June 22, 2006
Tod’s Favorite Beef Stroganoff

recipe thursdayJust about every time I want to have a special dinner, romantic candlelight, or fancy occasion meal and I ask Tod what he’d like to have, he answers “beef stroganoff.” And this is the one he means.

Tod’s Favorite Beef Stroganoff
serves 4 or Tod

650 gr beef tenderloin, cut into 2x2x4 cm strips
olive oil
2 Tblsp butter
6 shallots, minced
40 white button mushrooms, thickly sliced
1 cup beef broth
2 Tblsp cognac or brandy
150 ml heavy cream
1 Tblsp dijon mustard
1 Tblsp fresh dill, minced
salt & pepper
paprika

Sprinkle the beef with salt & pepper. Heat a couple tablespoons of oil in a heavy skillet until very hot, then brown the meat on both sides. Work in small batches so you don’t overload the pan, and transfer the browned beef to a baking pan.

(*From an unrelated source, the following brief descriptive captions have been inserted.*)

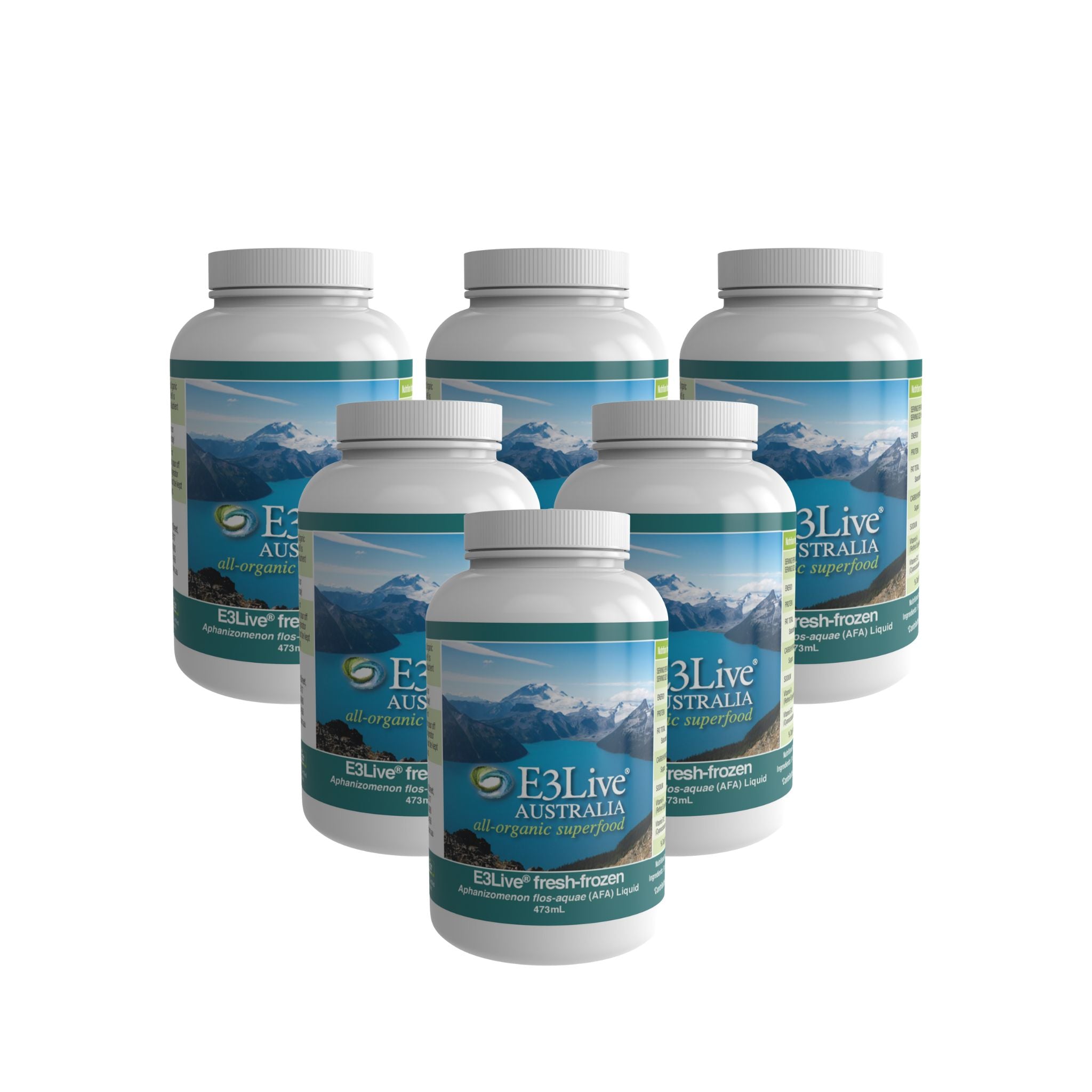 E3Live® Frozen Liquid - The Ultimate Nutrient-Dense Superfood.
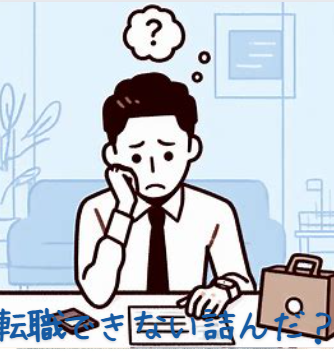 【転職できない詰んだ?】転職失敗人生終わりではなくどん底の内定獲得コツ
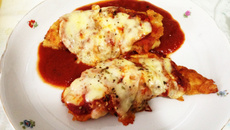 Frango à parmegiana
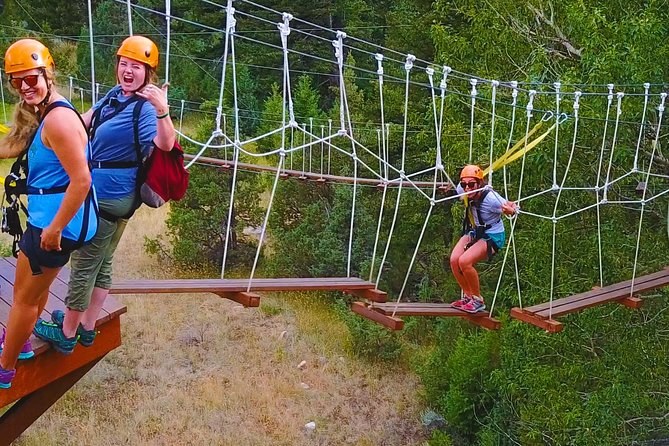Ziplining Across the Beautiful Gallatin River - Soaring Past Limestone Cliffs and Forests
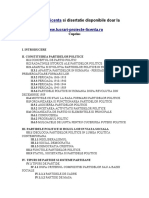 484 Partidele Politice Si Rolul Lor in Viata Sociala - WWW - Lucrari-Proiecte-Licenta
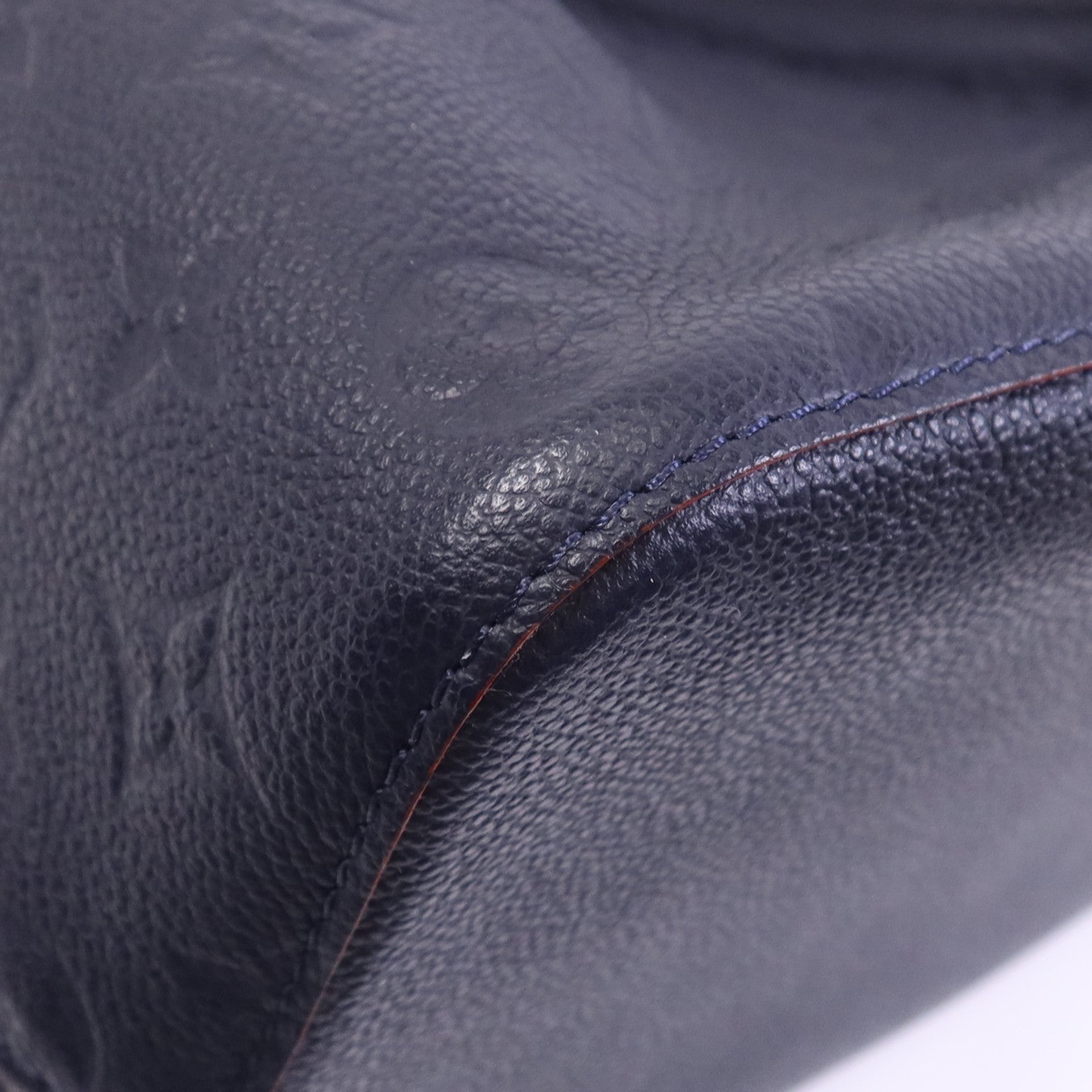 LOUIS VUITTON Monogram Empreinte Neo Noe MM金扣手挽肩背兩用袋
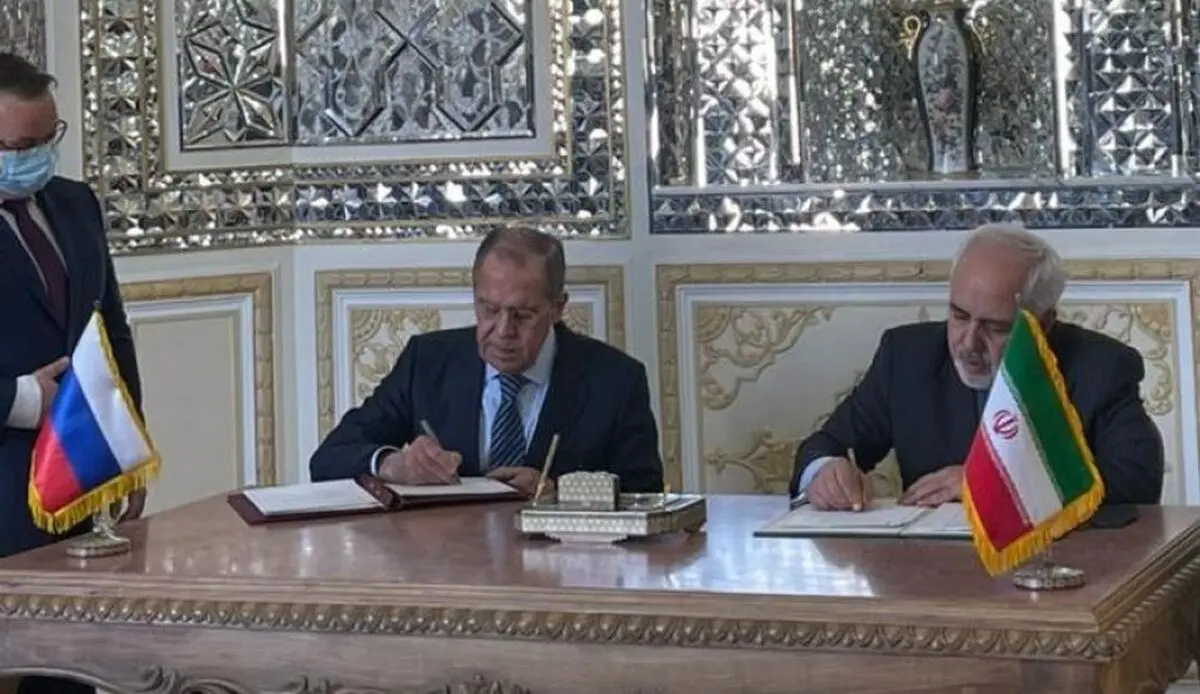 إیران وروسیا توقعان على اتفاقیة بشان نشاط المراکز الثقافیة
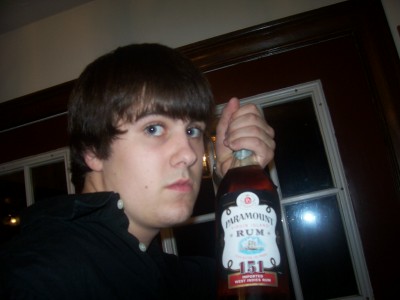 I love to party hard - this is me at the beginnig of my party last month. it was so sweet.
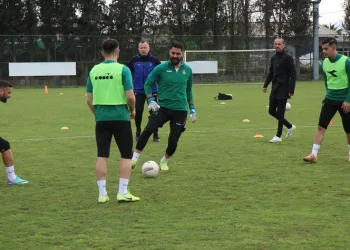 Sakaryaspor, Boluspor mesaisine başladı
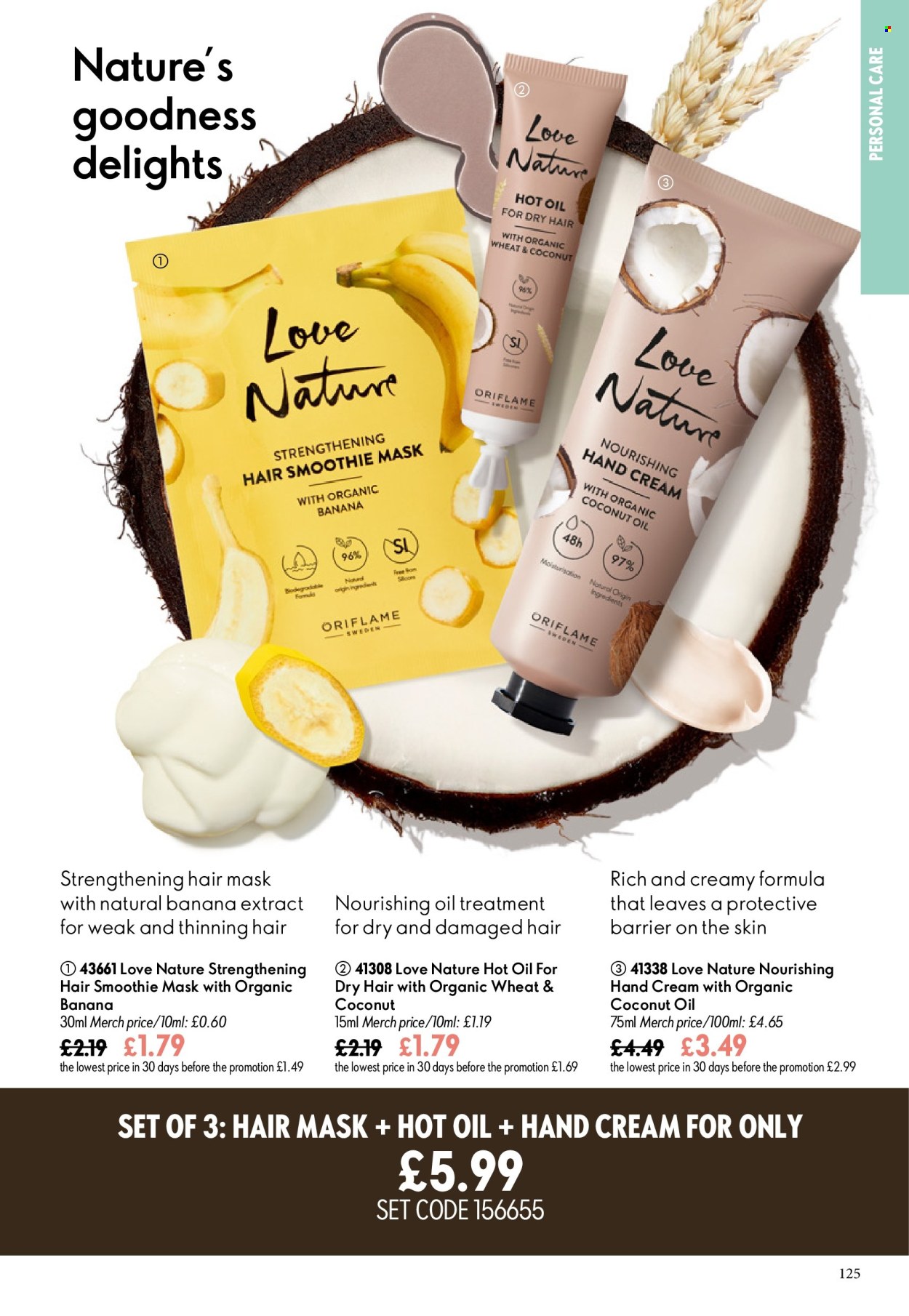 Oriflame offer  - 8.7.2026 - 28.7.2026. Page 125. Page 125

Reduce the heat to medium and melt the butter. Saute the shallots, scraping the pan to release the beef drippings. Add the mushrooms and cook about 10 minutes, or until the liquid evaporates. Add the cognac or brandy and the beef broth. Simmer 15 minutes or until the liquid is reduced by about half and coats the mushrooms. Stir in the cream and mustard. Add meat and any juices from the pan. Cook until beef is heated through, about 2 minutes. Season with dill, salt & pepper.

Serve over buttered egg noodles and garnish with paprika.

Posted by kuri at June 22, 2006 09:02 AM

Comments

YUM!!! I think my family will love this, can’t wait to try it.

Posted by: Heidi on June 22, 2006 09:44 PM

Your tragic commingling of metric and English measurements has TAINTED the Matrix.

Posted by: peterb on June 22, 2006 11:17 PM

Oops. OK, here you go in metric. I can’t do the imperial stuff so well anymore…

650 gr
30 gr
6
40
200 ml
30 ml
150 ml
15 ml
15 ml

Posted by: Kristen on June 23, 2006 01:23 AM

It’s sexy when metric and English measurements comingle.

Posted by: Jenn on June 23, 2006 01:47 AM

SUGOI — I sometimes make “beef stroganoff” using “beef stroganoff NO MOTO”. OK, mest return of my elder daughter I’ll try this.

Posted by: Mieko on June 23, 2006 11:38 AM

I much prefer cups and tablespoons for flour, butter etc as I can improvise with kitchen implements for measuing, but for meat I prefer metric as I don’t know pounds and ounces. So your recipe made perfect sense to me - and it is one of my fave meals as well. Noodles are a different touch - we normally have rice.